A major orchestral genre of the time was the overture with appended suite of dances (Telemann is reckoned to have composed many hundreds). There are four which survive from Bach’s hand. Three of them, the one in C major, and both of those in D major, were probably composed in the 1710’s and revived for the Collegium concerts. The overture in B minor for flute and strings is more likely to have been composed anew for the Collegium and the only surviving parts date from the late 1730’s. As in other examples of this genre, the opening movement is the largest in scale, alternating between a slower section of majestic character and a quicker, fugal section. It is then followed by a series of dance-movements: a Gavotte (even though it is labeled “Rondeau”), a Sarabande, a pair of Bourrées, a Polonaise with a variation, and a Menuet. To round it off a movement that superficially resembles a fast Gavotte, but which Bach calls “Badinerie.”
SYMPHONY: On August 4, 1782 in Vienna, Wolfgang Amadeus Mozart married Constanze Weber without the blessing of his father. Papa Leopold thought that the humble, uneducated girl was not worthy of his brilliantly talented son, and he made no secret of it. In an attempt to heal the family rift, the new Herr and Frau Mozart went to Salzburg the following summer for an extended stay. The visit changed little. Leopold spent the rest of his life telling his son what a poor choice of a wife he had made. Wolfgang tried to put a good face on the situation, but he was bitterly disappointed at the results of the Salzburg visit. He left the town of his birth on October 27, 1783, and never returned.
The Mozarts returned to Vienna by way of Linz, where they found a warm welcome. “When we arrived at the gates of Linz,” Mozart reported to his father on October 31st, “a servant was waiting there to conduct us to the palace of old Count Thun where we are now staying. I can’t tell you how they overwhelm us with kindness in this house. On Thursday, November 4th, I am going to give a concert in the theater, and since I haven’t a single symphony with me, I am up to my ears writing a new one which must be finished by then.”
The piece was completed on time, in the astonishing space of just five days. Such speed characterized the creation of many of Mozart’s works, and is an important indication of his compositional process: formulating a work completely in his head before committing it to paper.

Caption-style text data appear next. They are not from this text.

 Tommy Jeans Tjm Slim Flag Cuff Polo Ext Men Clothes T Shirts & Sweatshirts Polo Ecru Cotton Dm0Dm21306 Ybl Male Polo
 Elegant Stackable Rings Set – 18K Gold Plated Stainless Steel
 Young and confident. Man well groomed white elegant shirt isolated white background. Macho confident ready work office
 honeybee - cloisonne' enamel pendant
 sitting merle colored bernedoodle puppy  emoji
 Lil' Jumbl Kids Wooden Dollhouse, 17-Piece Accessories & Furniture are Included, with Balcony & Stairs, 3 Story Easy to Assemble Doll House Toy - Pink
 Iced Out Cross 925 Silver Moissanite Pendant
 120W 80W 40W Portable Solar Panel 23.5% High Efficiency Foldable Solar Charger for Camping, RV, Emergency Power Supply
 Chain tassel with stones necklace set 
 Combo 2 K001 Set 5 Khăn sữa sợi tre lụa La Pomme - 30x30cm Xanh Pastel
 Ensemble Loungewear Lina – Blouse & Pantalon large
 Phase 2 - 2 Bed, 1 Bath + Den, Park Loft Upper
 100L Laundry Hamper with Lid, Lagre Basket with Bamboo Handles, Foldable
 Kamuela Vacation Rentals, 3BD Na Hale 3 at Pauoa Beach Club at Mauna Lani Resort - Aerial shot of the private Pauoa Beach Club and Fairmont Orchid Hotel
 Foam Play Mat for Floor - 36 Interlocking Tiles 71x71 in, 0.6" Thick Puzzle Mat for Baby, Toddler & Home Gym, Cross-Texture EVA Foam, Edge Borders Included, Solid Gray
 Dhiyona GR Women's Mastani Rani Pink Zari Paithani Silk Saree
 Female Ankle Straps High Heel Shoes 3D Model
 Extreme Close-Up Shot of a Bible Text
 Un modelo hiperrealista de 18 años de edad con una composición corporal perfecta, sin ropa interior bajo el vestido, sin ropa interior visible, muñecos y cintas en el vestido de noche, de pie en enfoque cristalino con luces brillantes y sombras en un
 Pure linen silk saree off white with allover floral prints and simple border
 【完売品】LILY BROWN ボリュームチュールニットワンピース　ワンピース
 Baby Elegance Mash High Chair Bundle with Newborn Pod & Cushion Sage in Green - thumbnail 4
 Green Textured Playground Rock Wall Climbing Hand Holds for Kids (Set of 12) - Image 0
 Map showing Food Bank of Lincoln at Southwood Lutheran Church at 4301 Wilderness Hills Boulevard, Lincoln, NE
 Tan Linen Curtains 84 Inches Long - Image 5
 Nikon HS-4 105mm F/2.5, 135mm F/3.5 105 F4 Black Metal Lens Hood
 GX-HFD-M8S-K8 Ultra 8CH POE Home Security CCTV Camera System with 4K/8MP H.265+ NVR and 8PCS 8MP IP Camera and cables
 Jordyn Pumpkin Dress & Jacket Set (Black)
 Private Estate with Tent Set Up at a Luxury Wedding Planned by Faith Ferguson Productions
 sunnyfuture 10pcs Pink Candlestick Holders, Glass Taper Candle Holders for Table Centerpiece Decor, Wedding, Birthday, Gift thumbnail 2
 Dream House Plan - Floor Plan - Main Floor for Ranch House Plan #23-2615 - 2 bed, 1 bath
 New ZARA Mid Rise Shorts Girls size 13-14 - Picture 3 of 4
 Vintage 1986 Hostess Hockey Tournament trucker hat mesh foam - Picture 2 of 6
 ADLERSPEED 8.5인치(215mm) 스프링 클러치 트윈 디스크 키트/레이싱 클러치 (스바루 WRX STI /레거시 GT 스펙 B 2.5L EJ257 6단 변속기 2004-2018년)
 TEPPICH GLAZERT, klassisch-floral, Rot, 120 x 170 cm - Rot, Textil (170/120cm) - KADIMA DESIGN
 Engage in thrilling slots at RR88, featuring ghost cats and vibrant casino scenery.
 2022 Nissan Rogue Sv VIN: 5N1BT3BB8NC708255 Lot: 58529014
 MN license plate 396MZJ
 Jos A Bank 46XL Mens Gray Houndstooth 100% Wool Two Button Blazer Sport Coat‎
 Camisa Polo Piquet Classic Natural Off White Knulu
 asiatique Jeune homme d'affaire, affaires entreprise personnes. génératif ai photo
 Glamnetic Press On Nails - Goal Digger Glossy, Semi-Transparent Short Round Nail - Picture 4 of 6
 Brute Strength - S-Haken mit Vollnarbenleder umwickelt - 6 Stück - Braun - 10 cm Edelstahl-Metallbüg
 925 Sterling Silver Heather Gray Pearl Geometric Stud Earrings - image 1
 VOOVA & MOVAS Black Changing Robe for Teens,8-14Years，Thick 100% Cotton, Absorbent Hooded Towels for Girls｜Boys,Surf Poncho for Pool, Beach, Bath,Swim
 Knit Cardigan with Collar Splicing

The Symphony begins with an introduction in slow tempo with chromatic inflections before the tempo quickens for the arrival of the energetic main theme. In the Andante, Mozart supplied the necessary pathos to balance the exuberance of the surrounding movements. The third movement is a cheerful Minuet, whose trio is reminiscent of an Austrian Ländlerm and the finale is filled with dashing vitality and irresistible joy.